Turkmenistan: A Rich, Desert Land

Turkmenistan consists mostly of sparsely-inhabited desert, but has still found itself contested between civilizations throughout history. Over the past century, it has been particularly associated with oppressive rule. This has remained true following its independence from the USSR. It has also remained true as exports from its massive natural gas reserves, estimated to be the world’s fourth largest by volume, have caused massive wealth to flow into the country.

Turkmenistan

A map of Turkmenistan showing surrounding countries

Geography and Demographics

The Karakum Desert covers about 80% of Turkmenistan, dominating the country’s flat, arid center. The country’s few mountains, grouped along its borders, receive enough rain to support grasslands and some forests. However, the mountains are not high enough to maintain the snow caps that create significant river systems. Thus, Turkmenistan has only one major river, the Amu Darya. Two other minor rivers, the Murghab and the Tejen, also provide irrigation, but are not large enough to provide transport routes. Even with several man-made canals, dams, and irrigation projects, only 4% of the country is now cultivated.
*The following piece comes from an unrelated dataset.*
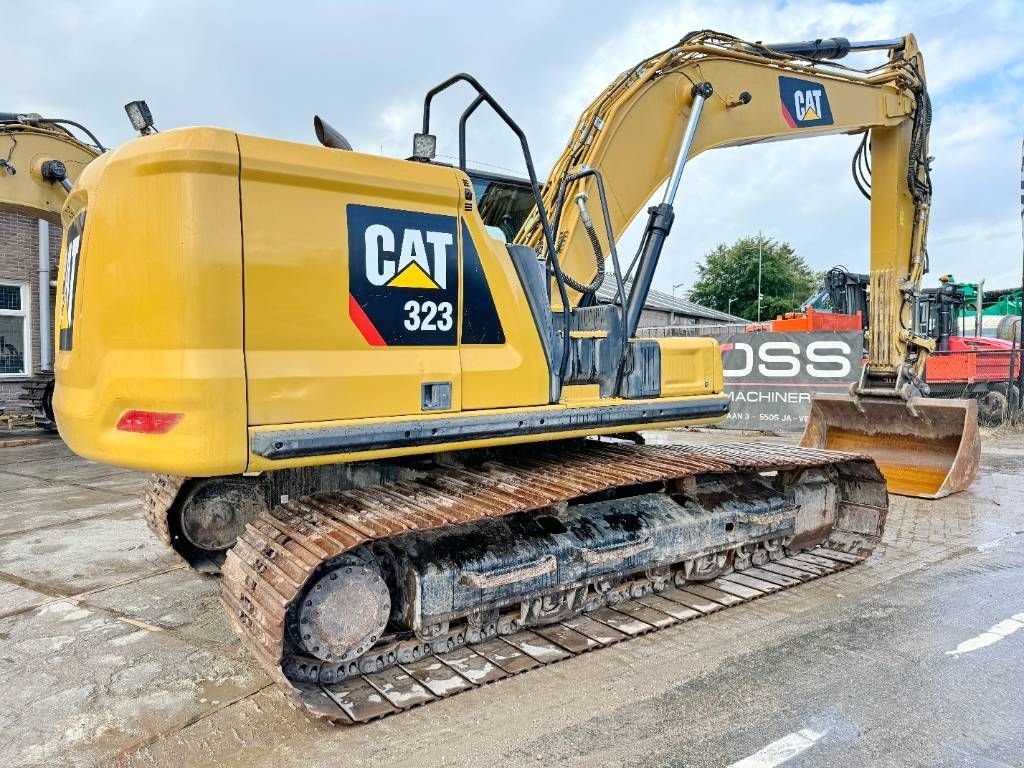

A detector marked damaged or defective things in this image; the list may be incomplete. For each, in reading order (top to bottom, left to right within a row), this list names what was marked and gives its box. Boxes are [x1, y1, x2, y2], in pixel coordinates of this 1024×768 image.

rusty steel bucket [798, 397, 974, 499] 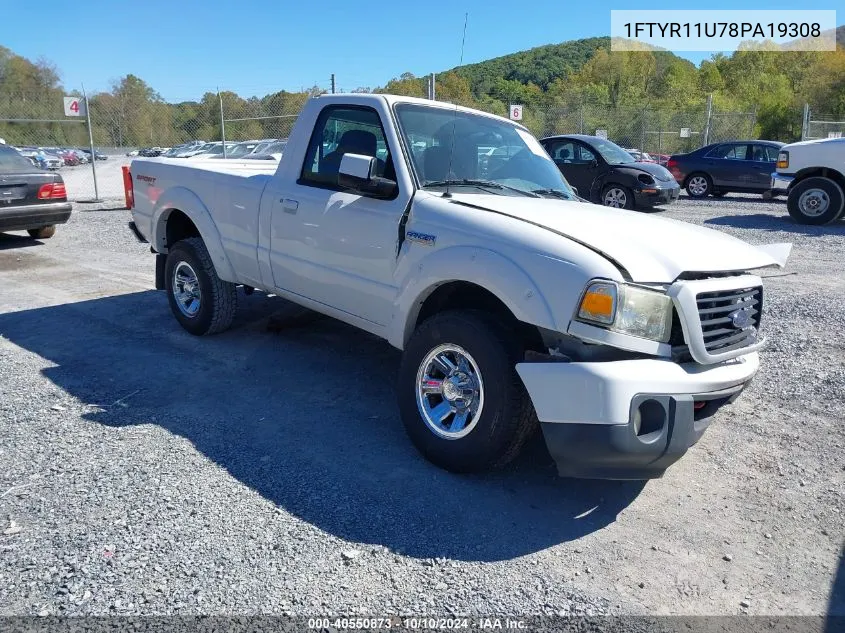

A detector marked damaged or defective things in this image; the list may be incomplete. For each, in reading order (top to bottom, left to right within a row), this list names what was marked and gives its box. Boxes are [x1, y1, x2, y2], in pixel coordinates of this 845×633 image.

Turkmenistan’s land has never supported large populations. Although about 15% bigger than the US state of California (164,000 square miles vs. 189,000), its population is less than 15% of California’s (38 million vs. 5.25 million).

Most live along the comparatively well-watered borders. One fifth lives in the three largest cities: Ashgabat (the capital), Dashoguz, and Turkmenabat (both industrial cities and transport hubs). Turkmenbashi, on the land-locked Caspian Sea, is the country’s only port. Russian minorities are concentrated in Turkmenbashi and Ashgabat. Uzbek minorities are concentrated along the Uzbek border.

Central Asian Studies banner Turkmenistan’s population is the smallest and most ethnically homogenous of the countries of Central Asia. While ethnic conflicts have been few, during the 1990’s the economy stagnated and laws promoting Turkmen language and culture were passed. About half of all minorities quietly emigrated. Today, Turkmenistan is about 85% Turkmen, with Uzbek and Russian minorities of about 5% each. Turkmen is spoken fluently by most, and Russian widely understood in cities. 93% of the population is Muslim. 58% percent is rural and a surprising 48% are primarily employed in agriculture. The average salary is just $350 per month.

Despite its many challenges, Turkeminstan’s economy is one of the world’s fastest growing. GDP rose from 2.3 billion in 2000 to nearly 42 billion in 2013 as the price of natural gas and oil rose and as Turkmenistan built new pipelines to seek the highest price for its exports. The government also supported textile production, large-scale irrigation, and mandated production of export crops such as cotton and grain. The population rose with the economy from 4.5 million people in 2000 to 5.25 million today.

Turkmenistan_satellite_photo-Recovered

This satellite image of Turkmenistan clearly shows the dominance of the Karakum Desert (yellow and white) and the scarcity of agricultural lands and forests (green). We’ve additionally marked Turkmenistan’s five major cities to show how geography has shaped the country. For the original (larger) image, click here.

Early History

Humans have inhabited areas of present-day Turkmenistan for at least 8,000 years. The earliest evidence of agriculture in Central Asia was discovered at Jeitun, an archeological site some 20 miles north of Ashgabat.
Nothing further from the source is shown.